USA Today domestic security correspondent Josh Meyer, MSNBC columnist Ruth Ben-Ghiat, and University of Miami professor and MSNBC analyst Fernand Amandi all spread the claim Wednesday morning, with Meyer and Amandi both sharing the same 2021 Salon article.

Also spreading the Salon article was Democratic former local New York legislator Jon Cooper, who boasts more than 1 million Twitter followers, including White House chief of staff Ron Klain. Democratic California state Sen. Scott Wiener also shared it, with a comment that included another famous misrepresentation of a Florida law.

“Apparently the ‘Don’t Say Gay’ law wasn’t enough GOP punishment of speech it doesn’t like. Now the FL GOP is requiring professors/students to register their viewpoints with the state,” Wiener tweeted.

As for how a claim that was proven false a year ago could come back now in attacks against DeSantis, the governor’s office blamed the political climate.

“We believe it has a lot to do with blinding partisan hatred that eclipses the facts,” Griffin said.

Ironically, the repetition of a false narrative deals with a law specifically meant to keep one side from dominating discourse.

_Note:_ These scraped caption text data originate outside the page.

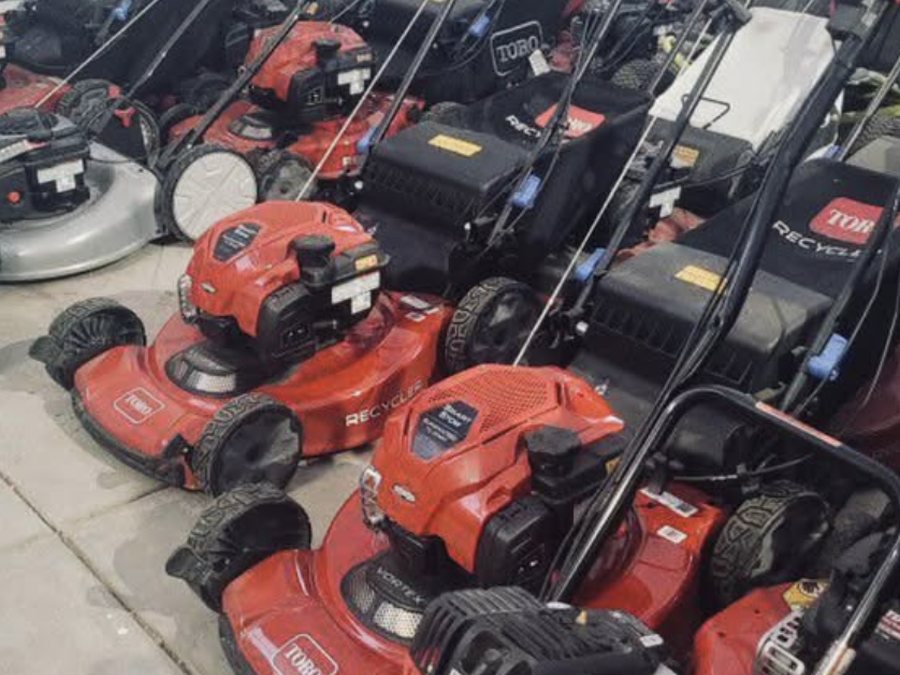 Row of mowers in for small-engine service at Cache Moto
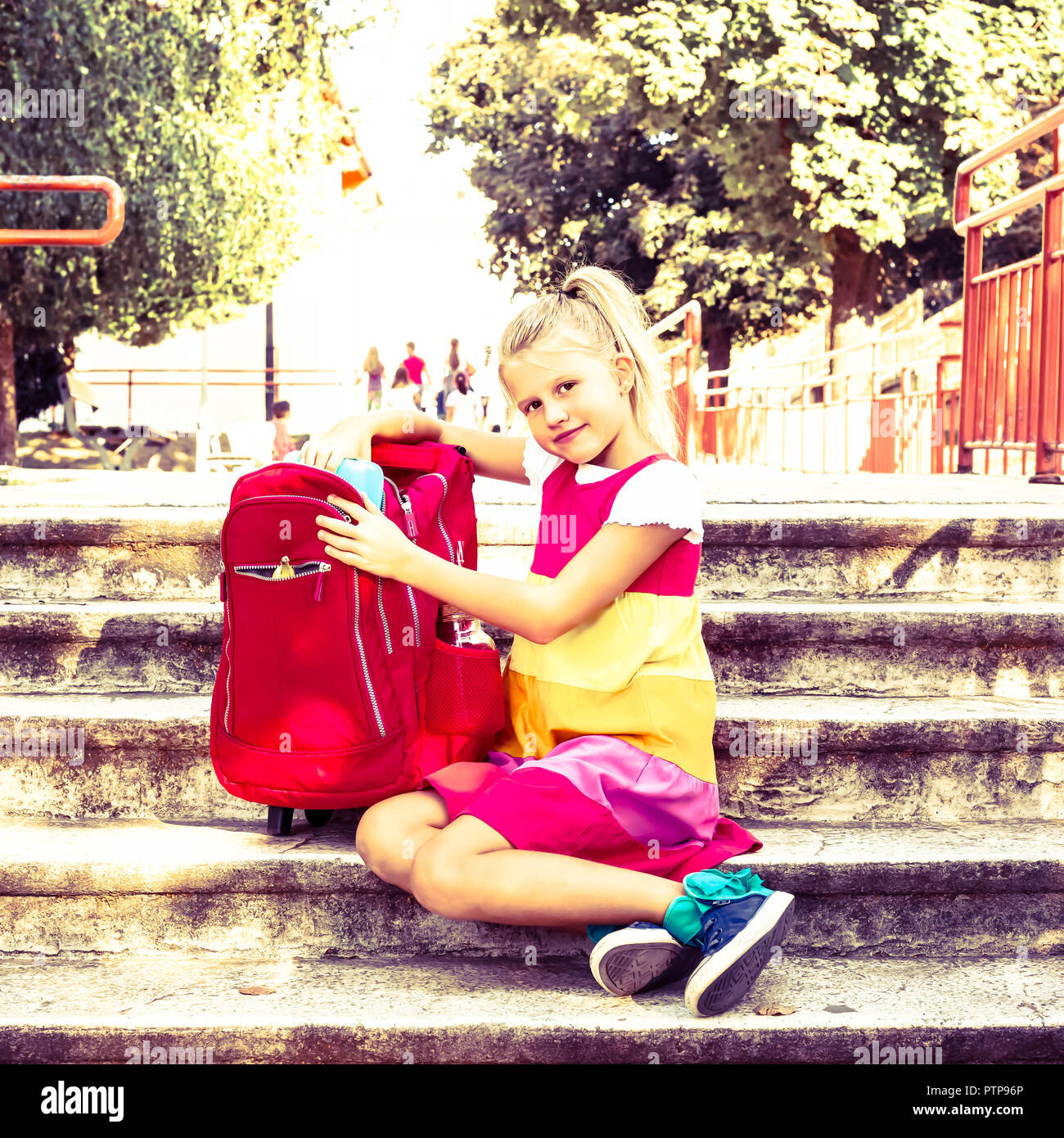 Happy School Girl herausziehen Lunchbox aus ihrem Rucksack auf dem Schulhof - Mittagspause Stockfoto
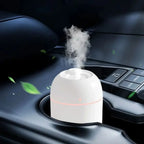 A user easily refilling the 220ML USB Humidifier, highlighting its transparent water tank and visible fine mist output for re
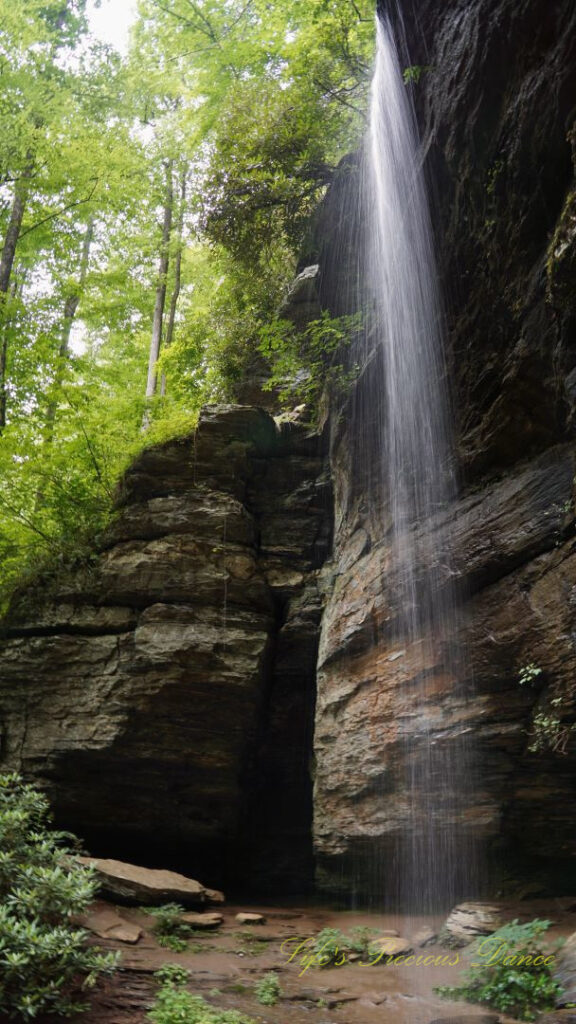 Side view of Moore Cove Falls spilling over the rock ledge into a pool of water below.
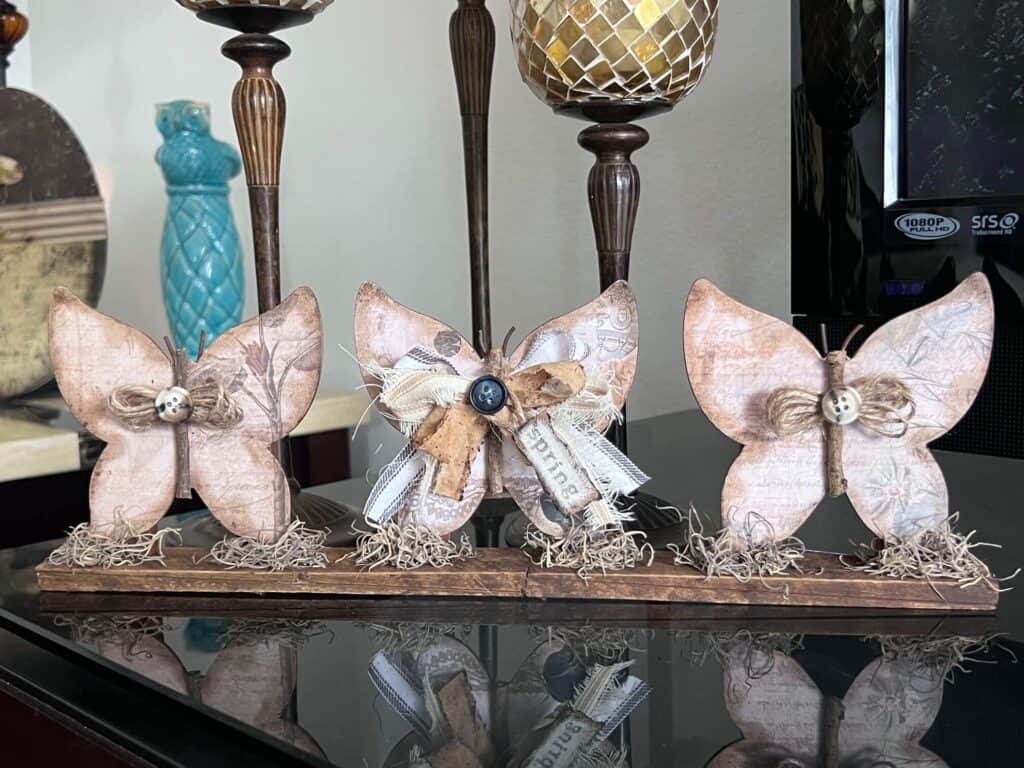 3 Wood Butterfly shelf sitter with a vintage vibe with a spring hangtag and twine and fabric bows, sitting on a base with spanish moss.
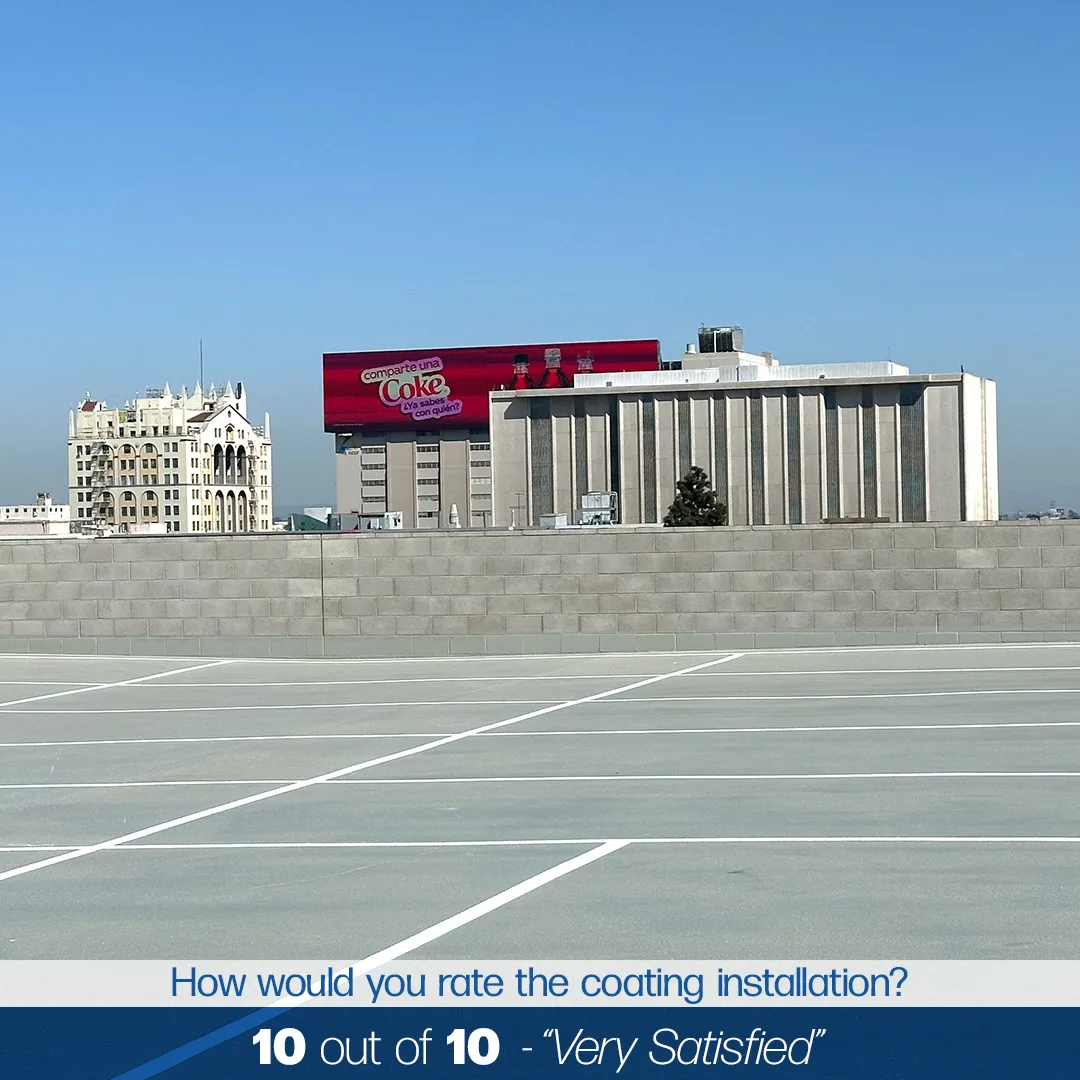 A rooftop parking lot with a tall concrete wall, buildings in the background, and a large Coca-Cola billboard under a clear blue sky. Text at the bottom reads "10 out of 10 - 'Very Satisfied'".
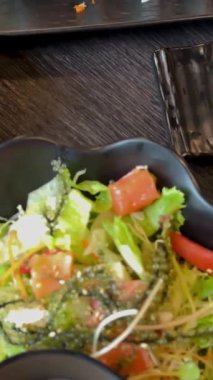 Masa siyah metali, Asya mutfağı salataları, suşi baharatları deniz ürünleri sebzeleri ve Japon restoranının açık büfe ziyafeti gibi ağır çekimler sundu. Yüksek kalite 4k görüntü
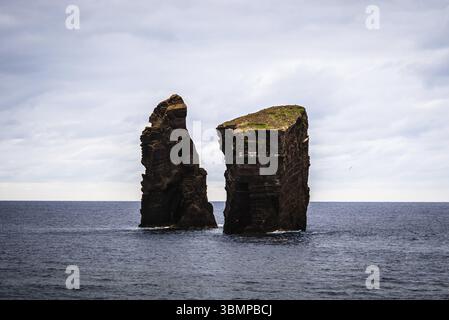 Deux îlots rocheux se dressent dans l'océan Atlantique sous un ciel nuageux, créant un paysage marin spectaculaire près de Praia dos Mosteiros, aux Açores Banque D'Images
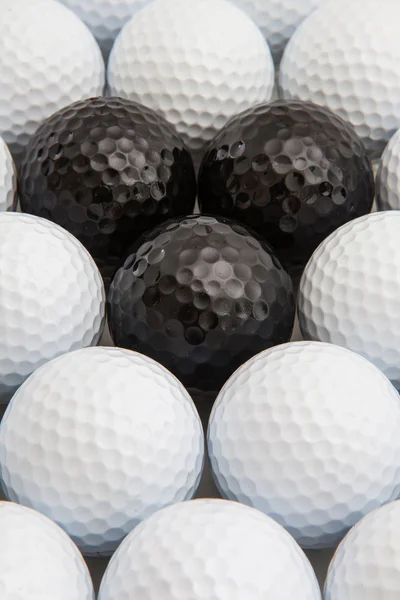 White and black golf balls in the box — Stock Photo, Image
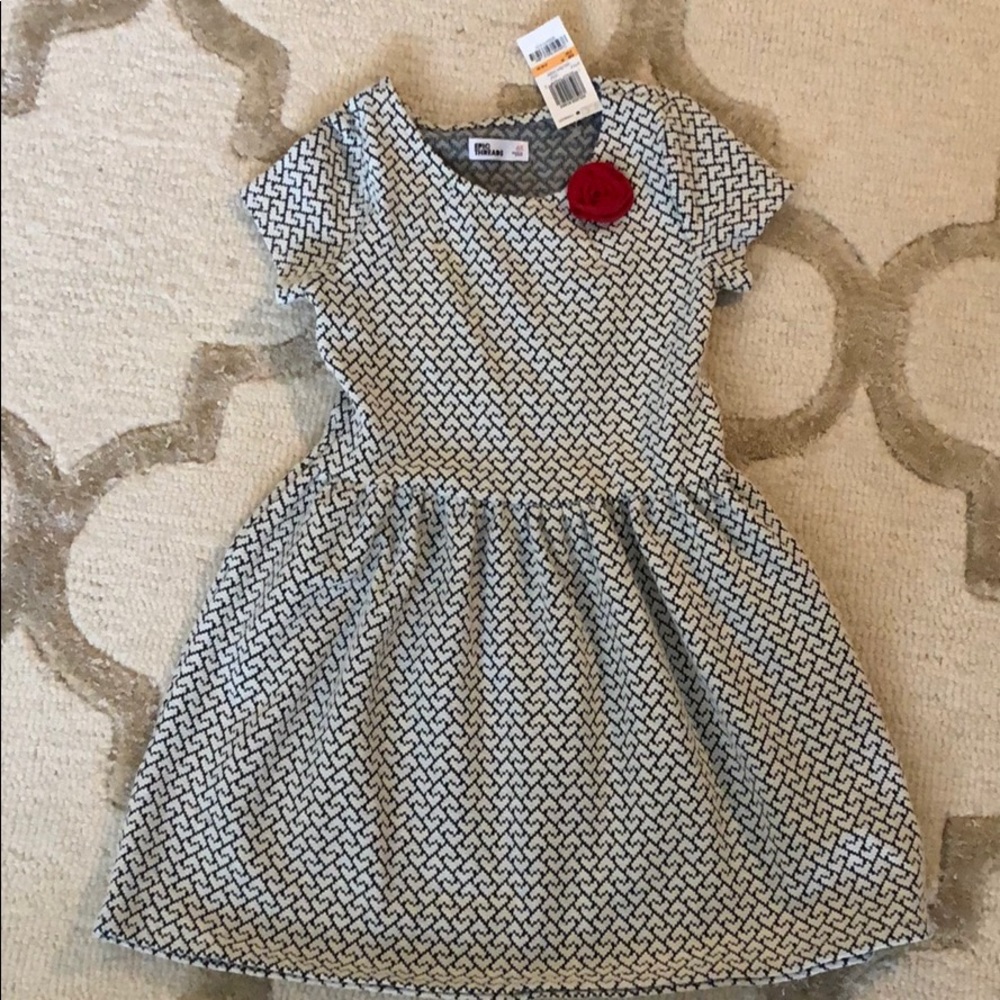 Cute knit dress with rose detail.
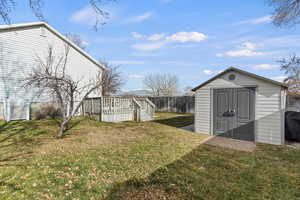 Fenced backyard with a shed and a deck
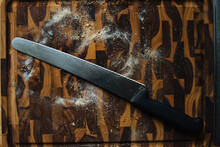 Serrated Knife On Cutting Board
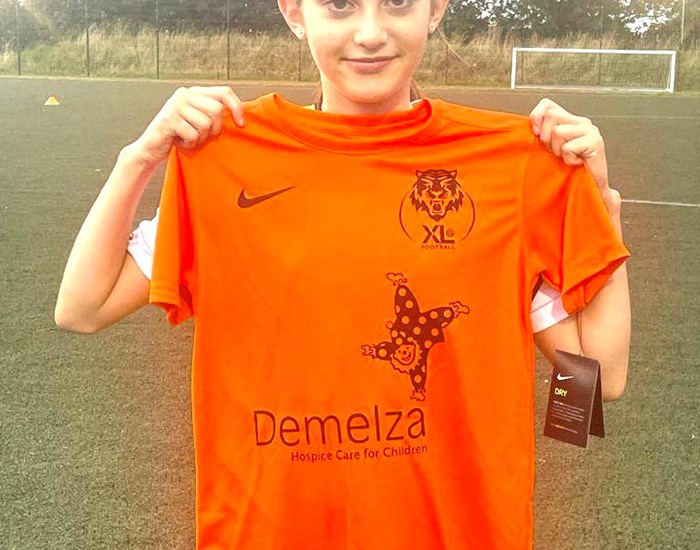 A female football player holds up her match day shirt, with the Demelza logo on it.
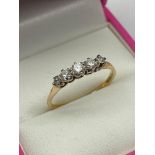 A Ladies gold [Rubbed mark] five stone ring. [2.10grams] [Ring size P]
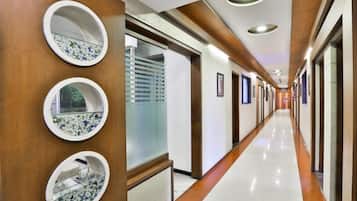 A hotel corridor with wooden paneling, circular mirrors, and a long, well-lit hallway.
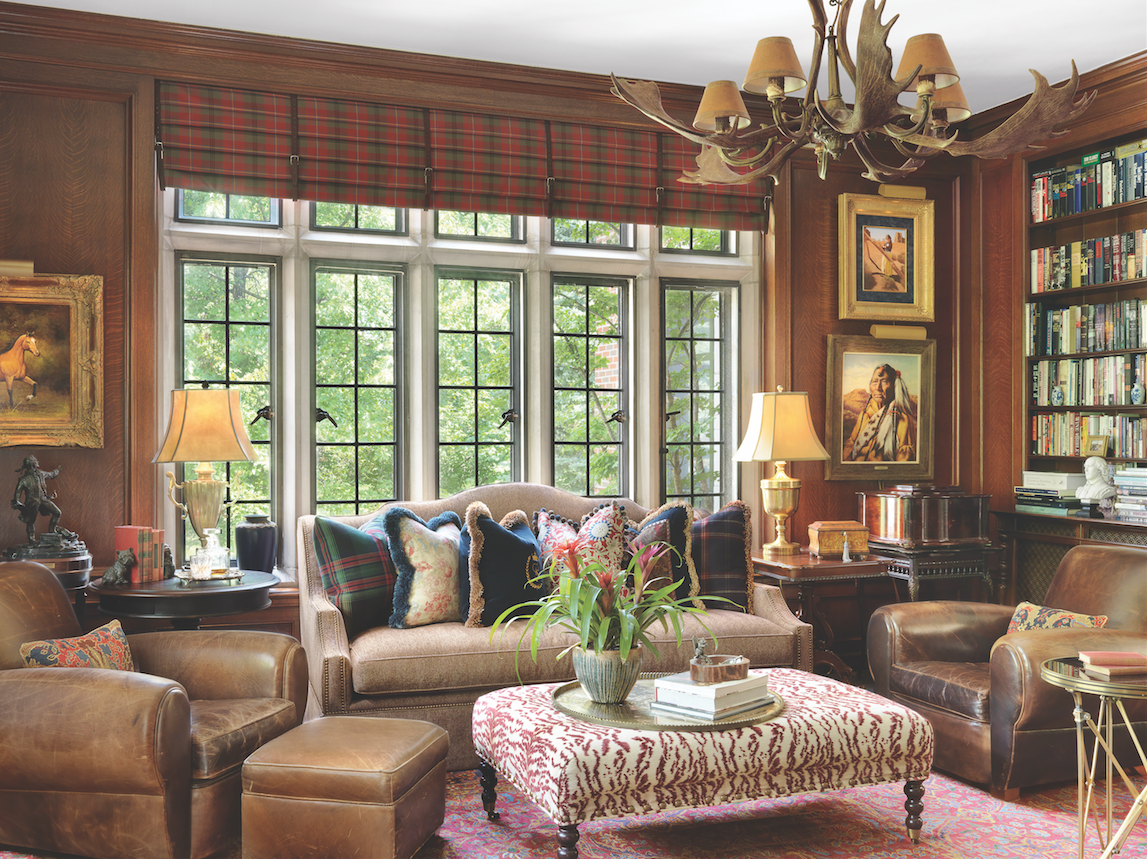 Leather and plaid bring traditional style to the wood-paneled library, awash in light from a wall of clerestory over casement windows. 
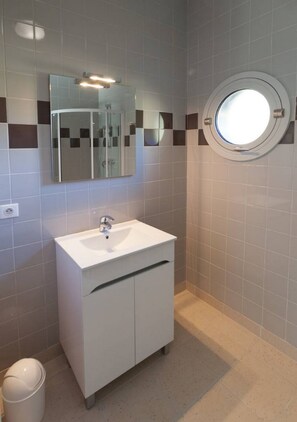 A bathroom with a white sink, a mirror, and a round window. - HOLIDAY VILLAGE OF LAKE MENET / FACING THE LAKE OF 14 HECTARES (Menet)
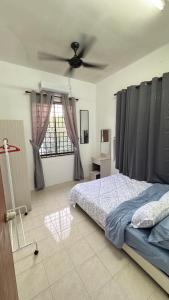 a bedroom with a bed and a ceiling fan at Ayu Homestay Kuantan in Beserah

“I think that having intellectual diversity is something that’s very, very important as we go forward,” DeSantis said when he signed the bill. “And I know a lot of parents, one of the things they worry about, if you send a kid to a university, are they just going to basically be indoctrinated? Or are they actually going to be taught to think for themselves, challenge assumptions, and really be critical thinkers and learners? We obviously want our universities to be focused on critical thinking, academic rigor. We do not want them as basically hotbeds for stale ideology.”